What you have to do: Take the records below and set them down exactly, so that every line matches the original.

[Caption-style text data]
-=-=-

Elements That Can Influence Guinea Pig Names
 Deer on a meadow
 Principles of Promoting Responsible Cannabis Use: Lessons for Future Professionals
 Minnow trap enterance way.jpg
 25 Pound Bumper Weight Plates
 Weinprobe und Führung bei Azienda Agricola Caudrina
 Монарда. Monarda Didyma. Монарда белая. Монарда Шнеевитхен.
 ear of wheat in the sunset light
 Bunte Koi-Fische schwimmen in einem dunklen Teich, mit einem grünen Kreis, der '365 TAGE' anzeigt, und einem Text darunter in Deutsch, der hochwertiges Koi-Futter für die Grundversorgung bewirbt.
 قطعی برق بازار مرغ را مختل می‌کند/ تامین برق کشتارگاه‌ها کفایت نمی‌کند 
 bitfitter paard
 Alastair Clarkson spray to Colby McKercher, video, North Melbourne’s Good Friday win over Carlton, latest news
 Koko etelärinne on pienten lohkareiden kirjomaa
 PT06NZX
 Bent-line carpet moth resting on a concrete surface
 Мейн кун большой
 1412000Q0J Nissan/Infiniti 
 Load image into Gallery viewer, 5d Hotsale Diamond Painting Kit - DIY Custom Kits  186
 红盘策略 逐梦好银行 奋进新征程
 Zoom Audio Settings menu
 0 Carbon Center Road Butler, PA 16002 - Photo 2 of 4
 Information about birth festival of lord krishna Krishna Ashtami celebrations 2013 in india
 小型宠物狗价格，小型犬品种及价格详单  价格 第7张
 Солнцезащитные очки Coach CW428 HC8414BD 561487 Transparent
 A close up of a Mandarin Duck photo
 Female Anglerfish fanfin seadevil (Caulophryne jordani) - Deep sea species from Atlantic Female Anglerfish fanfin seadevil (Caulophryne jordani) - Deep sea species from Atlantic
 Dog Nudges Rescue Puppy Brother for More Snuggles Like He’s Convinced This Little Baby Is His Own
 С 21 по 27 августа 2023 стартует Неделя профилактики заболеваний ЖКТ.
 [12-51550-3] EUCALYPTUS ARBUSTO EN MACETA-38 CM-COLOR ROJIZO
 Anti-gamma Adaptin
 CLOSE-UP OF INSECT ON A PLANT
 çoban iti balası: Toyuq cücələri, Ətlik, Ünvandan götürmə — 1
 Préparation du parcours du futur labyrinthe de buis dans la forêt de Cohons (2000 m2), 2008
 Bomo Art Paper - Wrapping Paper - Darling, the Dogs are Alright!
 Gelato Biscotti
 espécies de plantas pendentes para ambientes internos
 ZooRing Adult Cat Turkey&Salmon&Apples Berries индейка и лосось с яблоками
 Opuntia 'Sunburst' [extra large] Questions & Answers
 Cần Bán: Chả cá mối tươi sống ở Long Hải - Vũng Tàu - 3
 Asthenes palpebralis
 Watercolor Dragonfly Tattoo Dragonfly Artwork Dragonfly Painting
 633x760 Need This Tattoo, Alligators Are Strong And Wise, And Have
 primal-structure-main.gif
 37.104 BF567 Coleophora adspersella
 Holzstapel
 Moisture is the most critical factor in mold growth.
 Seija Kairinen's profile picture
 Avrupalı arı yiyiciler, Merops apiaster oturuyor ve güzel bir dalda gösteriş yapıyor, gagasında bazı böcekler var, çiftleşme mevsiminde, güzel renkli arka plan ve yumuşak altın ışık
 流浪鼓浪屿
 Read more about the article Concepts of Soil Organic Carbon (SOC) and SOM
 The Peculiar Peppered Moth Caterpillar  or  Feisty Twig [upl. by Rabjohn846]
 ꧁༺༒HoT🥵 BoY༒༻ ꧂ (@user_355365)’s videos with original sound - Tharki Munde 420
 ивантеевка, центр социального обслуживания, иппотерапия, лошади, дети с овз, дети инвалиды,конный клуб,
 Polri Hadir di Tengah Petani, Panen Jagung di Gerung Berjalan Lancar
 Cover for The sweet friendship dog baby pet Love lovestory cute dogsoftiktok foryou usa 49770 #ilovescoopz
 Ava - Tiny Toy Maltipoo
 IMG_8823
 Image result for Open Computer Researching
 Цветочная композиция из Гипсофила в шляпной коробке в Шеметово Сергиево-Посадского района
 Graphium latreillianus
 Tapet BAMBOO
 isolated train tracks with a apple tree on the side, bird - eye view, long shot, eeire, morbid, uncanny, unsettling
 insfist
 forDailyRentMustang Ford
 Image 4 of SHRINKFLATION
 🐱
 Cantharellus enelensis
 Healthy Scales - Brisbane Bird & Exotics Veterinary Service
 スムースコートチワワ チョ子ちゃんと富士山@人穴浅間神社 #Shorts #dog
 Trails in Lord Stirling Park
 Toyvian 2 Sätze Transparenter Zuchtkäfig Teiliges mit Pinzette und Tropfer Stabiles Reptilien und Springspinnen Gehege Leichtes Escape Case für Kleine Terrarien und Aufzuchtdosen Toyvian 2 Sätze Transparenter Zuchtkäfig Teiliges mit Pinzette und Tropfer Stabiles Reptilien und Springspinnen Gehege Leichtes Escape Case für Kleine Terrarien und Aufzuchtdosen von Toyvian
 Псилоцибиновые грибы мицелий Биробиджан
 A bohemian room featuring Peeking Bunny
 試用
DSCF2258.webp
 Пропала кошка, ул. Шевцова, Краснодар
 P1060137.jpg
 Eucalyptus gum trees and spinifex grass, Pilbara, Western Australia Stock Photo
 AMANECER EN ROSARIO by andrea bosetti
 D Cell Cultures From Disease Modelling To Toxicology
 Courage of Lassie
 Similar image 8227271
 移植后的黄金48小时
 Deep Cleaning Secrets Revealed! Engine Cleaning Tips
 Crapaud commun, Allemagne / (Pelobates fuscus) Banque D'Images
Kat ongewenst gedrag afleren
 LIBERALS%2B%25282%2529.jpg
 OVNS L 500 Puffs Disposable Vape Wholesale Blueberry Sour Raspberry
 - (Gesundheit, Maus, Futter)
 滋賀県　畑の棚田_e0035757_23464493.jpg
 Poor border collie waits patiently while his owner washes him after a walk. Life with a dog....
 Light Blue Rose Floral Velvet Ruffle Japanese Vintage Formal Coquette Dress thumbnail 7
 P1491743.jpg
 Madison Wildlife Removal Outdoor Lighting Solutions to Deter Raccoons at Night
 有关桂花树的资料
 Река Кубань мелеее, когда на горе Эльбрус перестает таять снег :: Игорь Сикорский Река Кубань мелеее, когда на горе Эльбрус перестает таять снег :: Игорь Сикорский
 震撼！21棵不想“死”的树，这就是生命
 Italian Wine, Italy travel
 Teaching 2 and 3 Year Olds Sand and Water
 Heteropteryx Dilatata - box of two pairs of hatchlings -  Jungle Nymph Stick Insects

-=-=-

Response to this task:
Elements That Can Influence Guinea Pig Names
 Deer on a meadow
 Principles of Promoting Responsible Cannabis Use: Lessons for Future Professionals
 Minnow trap enterance way.jpg
 25 Pound Bumper Weight Plates
 Weinprobe und Führung bei Azienda Agricola Caudrina
 Монарда. Monarda Didyma. Монарда белая. Монарда Шнеевитхен.
 ear of wheat in the sunset light
 Bunte Koi-Fische schwimmen in einem dunklen Teich, mit einem grünen Kreis, der '365 TAGE' anzeigt, und einem Text darunter in Deutsch, der hochwertiges Koi-Futter für die Grundversorgung bewirbt.
 قطعی برق بازار مرغ را مختل می‌کند/ تامین برق کشتارگاه‌ها کفایت نمی‌کند 
 bitfitter paard
 Alastair Clarkson spray to Colby McKercher, video, North Melbourne’s Good Friday win over Carlton, latest news
 Koko etelärinne on pienten lohkareiden kirjomaa
 PT06NZX
 Bent-line carpet moth resting on a concrete surface
 Мейн кун большой
 1412000Q0J Nissan/Infiniti 
 Load image into Gallery viewer, 5d Hotsale Diamond Painting Kit - DIY Custom Kits  186
 红盘策略 逐梦好银行 奋进新征程
 Zoom Audio Settings menu
 0 Carbon Center Road Butler, PA 16002 - Photo 2 of 4
 Information about birth festival of lord krishna Krishna Ashtami celebrations 2013 in india
 小型宠物狗价格，小型犬品种及价格详单  价格 第7张
 Солнцезащитные очки Coach CW428 HC8414BD 561487 Transparent
 A close up of a Mandarin Duck photo
 Female Anglerfish fanfin seadevil (Caulophryne jordani) - Deep sea species from Atlantic Female Anglerfish fanfin seadevil (Caulophryne jordani) - Deep sea species from Atlantic
 Dog Nudges Rescue Puppy Brother for More Snuggles Like He’s Convinced This Little Baby Is His Own
 С 21 по 27 августа 2023 стартует Неделя профилактики заболеваний ЖКТ.
 [12-51550-3] EUCALYPTUS ARBUSTO EN MACETA-38 CM-COLOR ROJIZO
 Anti-gamma Adaptin
 CLOSE-UP OF INSECT ON A PLANT
 çoban iti balası: Toyuq cücələri, Ətlik, Ünvandan götürmə — 1
 Préparation du parcours du futur labyrinthe de buis dans la forêt de Cohons (2000 m2), 2008
 Bomo Art Paper - Wrapping Paper - Darling, the Dogs are Alright!
 Gelato Biscotti
 espécies de plantas pendentes para ambientes internos
 ZooRing Adult Cat Turkey&Salmon&Apples Berries индейка и лосось с яблоками
 Opuntia 'Sunburst' [extra large] Questions & Answers
 Cần Bán: Chả cá mối tươi sống ở Long Hải - Vũng Tàu - 3
 Asthenes palpebralis
 Watercolor Dragonfly Tattoo Dragonfly Artwork Dragonfly Painting
 633x760 Need This Tattoo, Alligators Are Strong And Wise, And Have
 primal-structure-main.gif
 37.104 BF567 Coleophora adspersella
 Holzstapel
 Moisture is the most critical factor in mold growth.
 Seija Kairinen's profile picture
 Avrupalı arı yiyiciler, Merops apiaster oturuyor ve güzel bir dalda gösteriş yapıyor, gagasında bazı böcekler var, çiftleşme mevsiminde, güzel renkli arka plan ve yumuşak altın ışık
 流浪鼓浪屿
 Read more about the article Concepts of Soil Organic Carbon (SOC) and SOM
 The Peculiar Peppered Moth Caterpillar  or  Feisty Twig [upl. by Rabjohn846]
 ꧁༺༒HoT🥵 BoY༒༻ ꧂ (@user_355365)’s videos with original sound - Tharki Munde 420
 ивантеевка, центр социального обслуживания, иппотерапия, лошади, дети с овз, дети инвалиды,конный клуб,
 Polri Hadir di Tengah Petani, Panen Jagung di Gerung Berjalan Lancar
 Cover for The sweet friendship dog baby pet Love lovestory cute dogsoftiktok foryou usa 49770 #ilovescoopz
 Ava - Tiny Toy Maltipoo
 IMG_8823
 Image result for Open Computer Researching
 Цветочная композиция из Гипсофила в шляпной коробке в Шеметово Сергиево-Посадского района
 Graphium latreillianus
 Tapet BAMBOO
 isolated train tracks with a apple tree on the side, bird - eye view, long shot, eeire, morbid, uncanny, unsettling
 insfist
 forDailyRentMustang Ford
 Image 4 of SHRINKFLATION
 🐱
 Cantharellus enelensis
 Healthy Scales - Brisbane Bird & Exotics Veterinary Service
 スムースコートチワワ チョ子ちゃんと富士山@人穴浅間神社 #Shorts #dog
 Trails in Lord Stirling Park
 Toyvian 2 Sätze Transparenter Zuchtkäfig Teiliges mit Pinzette und Tropfer Stabiles Reptilien und Springspinnen Gehege Leichtes Escape Case für Kleine Terrarien und Aufzuchtdosen Toyvian 2 Sätze Transparenter Zuchtkäfig Teiliges mit Pinzette und Tropfer Stabiles Reptilien und Springspinnen Gehege Leichtes Escape Case für Kleine Terrarien und Aufzuchtdosen von Toyvian
 Псилоцибиновые грибы мицелий Биробиджан
 A bohemian room featuring Peeking Bunny
 試用
DSCF2258.webp
 Пропала кошка, ул. Шевцова, Краснодар
 P1060137.jpg
 Eucalyptus gum trees and spinifex grass, Pilbara, Western Australia Stock Photo
 AMANECER EN ROSARIO by andrea bosetti
 D Cell Cultures From Disease Modelling To Toxicology
 Courage of Lassie
 Similar image 8227271
 移植后的黄金48小时
 Deep Cleaning Secrets Revealed! Engine Cleaning Tips
 Crapaud commun, Allemagne / (Pelobates fuscus) Banque D'Images
Kat ongewenst gedrag afleren
 LIBERALS%2B%25282%2529.jpg
 OVNS L 500 Puffs Disposable Vape Wholesale Blueberry Sour Raspberry
 - (Gesundheit, Maus, Futter)
 滋賀県　畑の棚田_e0035757_23464493.jpg
 Poor border collie waits patiently while his owner washes him after a walk. Life with a dog....
 Light Blue Rose Floral Velvet Ruffle Japanese Vintage Formal Coquette Dress thumbnail 7
 P1491743.jpg
 Madison Wildlife Removal Outdoor Lighting Solutions to Deter Raccoons at Night
 有关桂花树的资料
 Река Кубань мелеее, когда на горе Эльбрус перестает таять снег :: Игорь Сикорский Река Кубань мелеее, когда на горе Эльбрус перестает таять снег :: Игорь Сикорский
 震撼！21棵不想“死”的树，这就是生命
 Italian Wine, Italy travel
 Teaching 2 and 3 Year Olds Sand and Water
 Heteropteryx Dilatata - box of two pairs of hatchlings -  Jungle Nymph Stick Insects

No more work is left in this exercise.